Moving in with your significant other is a pretty big deal. There are a lot of things to consider such as who's furniture is going where? which side of the bed do you get? etc. Obviously, I am no expert but, as stated before, J and I moved in together pretty quickly and these tips and ideas are what I think made us and keeps us successful!
1. Set expectations immediately and stick to them. If you have pet peeves, share them with the other and listen to theirs. If you don't want the toilet seat left up, voice that but, remember that boys are forgetful and need reminders so, find a cute way to do so:
2. Know who is moving in with you. Before the actual lease signing, ask each other questions and get to know each other better and deeper.
3. Figure out your ca$hflow situation. Although y'all move in together does not mean you are sharing a bank account, you will most likely be sharing or splitting bills. For us, we split everything that we share (rent, utilities, groceries) down the middle completely in half. Because I am more organized, John writes me a check every month during the last week for the amount of what half of everything is and I use that to pay the bills.

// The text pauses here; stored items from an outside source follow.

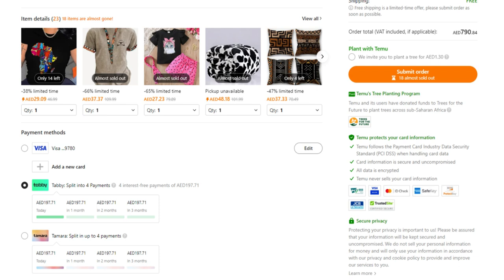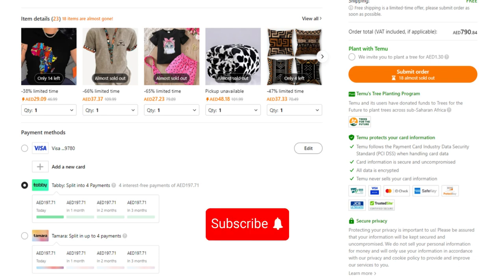Once the payment is confirmed, your order will be processed. You'll receive a confirmation from both Temu and Tabby.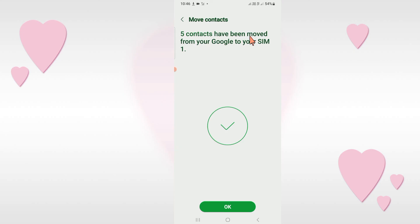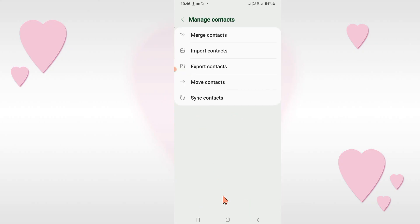You can see that five contacts have been successfully moved from your Gmail or Google account to your SIM. So in this way you can move your contacts from Gmail or Google account to your SIM.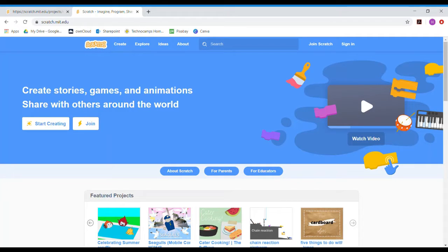Hi and welcome to part two of the Technocamps activity pack on food chains. This video is going to talk you through how to create a model of a food chain on Scratch.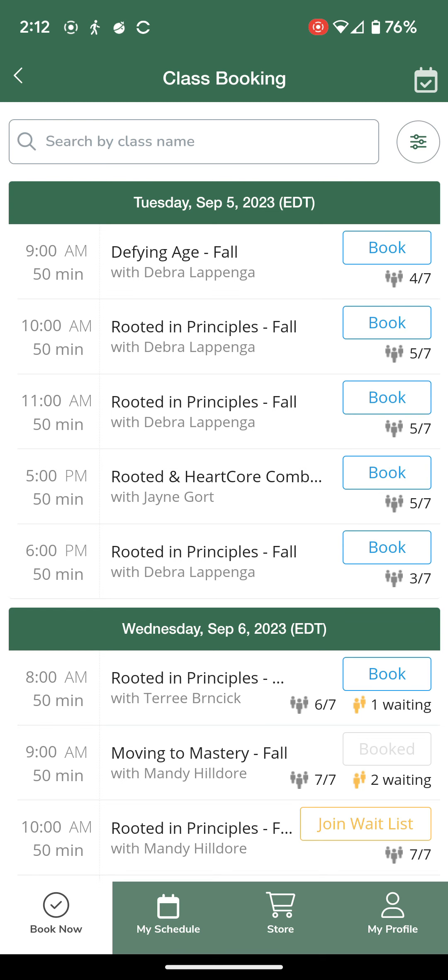If you do miss the two-hour booking window or are never called up off of the waitlist, you will not lose that class credit. It will go back into your account to use at a different time.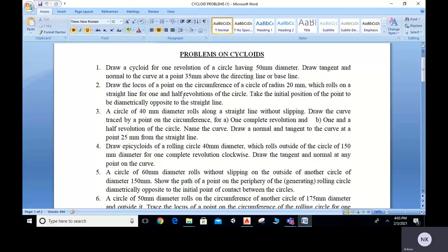Hello students. Welcome to the session on AutoCAD. In today's class we are going to discuss the cycloid. The topic is cycloid.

4. Divvy up the housework evenly-or at least in a way that works for you. I have no issue doing anything but the trash. Obviously, if John sees me doing something, he will help me but the main job he has is to make sure the trash is never gross and over flowing.

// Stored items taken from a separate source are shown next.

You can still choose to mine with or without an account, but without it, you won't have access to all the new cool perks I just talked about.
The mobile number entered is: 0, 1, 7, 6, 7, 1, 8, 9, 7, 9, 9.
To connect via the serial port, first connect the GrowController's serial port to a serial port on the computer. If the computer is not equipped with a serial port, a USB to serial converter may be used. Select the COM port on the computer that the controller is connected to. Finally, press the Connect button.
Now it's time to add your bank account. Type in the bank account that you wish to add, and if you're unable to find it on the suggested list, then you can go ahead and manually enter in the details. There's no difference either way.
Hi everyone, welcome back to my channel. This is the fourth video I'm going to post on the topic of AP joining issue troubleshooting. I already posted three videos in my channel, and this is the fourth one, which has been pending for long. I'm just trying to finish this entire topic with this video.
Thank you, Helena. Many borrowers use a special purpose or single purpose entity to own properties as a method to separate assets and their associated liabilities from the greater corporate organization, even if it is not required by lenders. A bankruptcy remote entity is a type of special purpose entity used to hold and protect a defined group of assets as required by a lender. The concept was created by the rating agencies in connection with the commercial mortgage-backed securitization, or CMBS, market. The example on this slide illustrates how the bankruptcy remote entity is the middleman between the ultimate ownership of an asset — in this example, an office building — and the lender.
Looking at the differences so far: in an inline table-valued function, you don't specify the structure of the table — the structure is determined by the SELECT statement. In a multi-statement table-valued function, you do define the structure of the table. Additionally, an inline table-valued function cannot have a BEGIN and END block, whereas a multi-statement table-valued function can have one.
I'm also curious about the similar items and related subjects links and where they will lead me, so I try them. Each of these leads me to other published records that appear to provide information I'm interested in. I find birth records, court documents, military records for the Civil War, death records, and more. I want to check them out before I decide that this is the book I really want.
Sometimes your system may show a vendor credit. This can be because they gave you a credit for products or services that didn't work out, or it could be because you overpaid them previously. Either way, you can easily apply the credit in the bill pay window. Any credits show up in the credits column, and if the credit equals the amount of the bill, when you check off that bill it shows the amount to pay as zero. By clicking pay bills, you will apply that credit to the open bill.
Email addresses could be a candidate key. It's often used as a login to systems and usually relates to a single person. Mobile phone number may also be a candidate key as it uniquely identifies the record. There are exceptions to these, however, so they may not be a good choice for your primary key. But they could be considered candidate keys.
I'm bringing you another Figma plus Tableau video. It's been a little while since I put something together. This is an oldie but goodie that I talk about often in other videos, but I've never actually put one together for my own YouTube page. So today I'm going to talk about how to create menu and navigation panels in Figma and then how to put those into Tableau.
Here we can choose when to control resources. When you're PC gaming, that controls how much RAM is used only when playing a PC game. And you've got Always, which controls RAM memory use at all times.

5. Just because you are living together now does NOT mean you need to or should spend each and every waking moment with one another..yes you moved in together to be with one another but you each need your own alone time, time with friends, and space so, figure out a system that works best for you. For us, our schedules work so J leaves for work well before me so I have some time in the morning and I get home much later than him so, he has time in the afternoons. Saturdays, J works in the morning so I have the whole day to myself and Monday nights, he has the night to watch the MNF games or do whatever.. it just works for us that way but everyone is different.

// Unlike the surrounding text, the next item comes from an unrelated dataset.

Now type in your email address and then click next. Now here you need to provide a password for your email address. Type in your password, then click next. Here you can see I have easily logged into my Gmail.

6. C O M P R O M I S E its hard. but its necessary. If you always watch a certain show on Mondays (for example), and a big game is on, DVR your show and watch the game with your man.. If he wants a picture in a certain space, make it work.
7. Show your love. Do sweet things for one another..anything from leaving a quick note to buying flowers or making dinner-just because you are living together does not mean you can stop being sweet.
8. Make a space for each of you. We kind of share a space but it is set up for both of us. We converted the spare bedroom into an office/man cave/ guest room. I decked it out in absolutely all of his favorite New England sports things. All of the office accessories are pats related but it is tasteful and organized so it works for both of us.
9. GET OVER IT. seriously, you have to learn to pick your battles. Not every thing needs to be a matter of national security or a fight-it isn't worth it.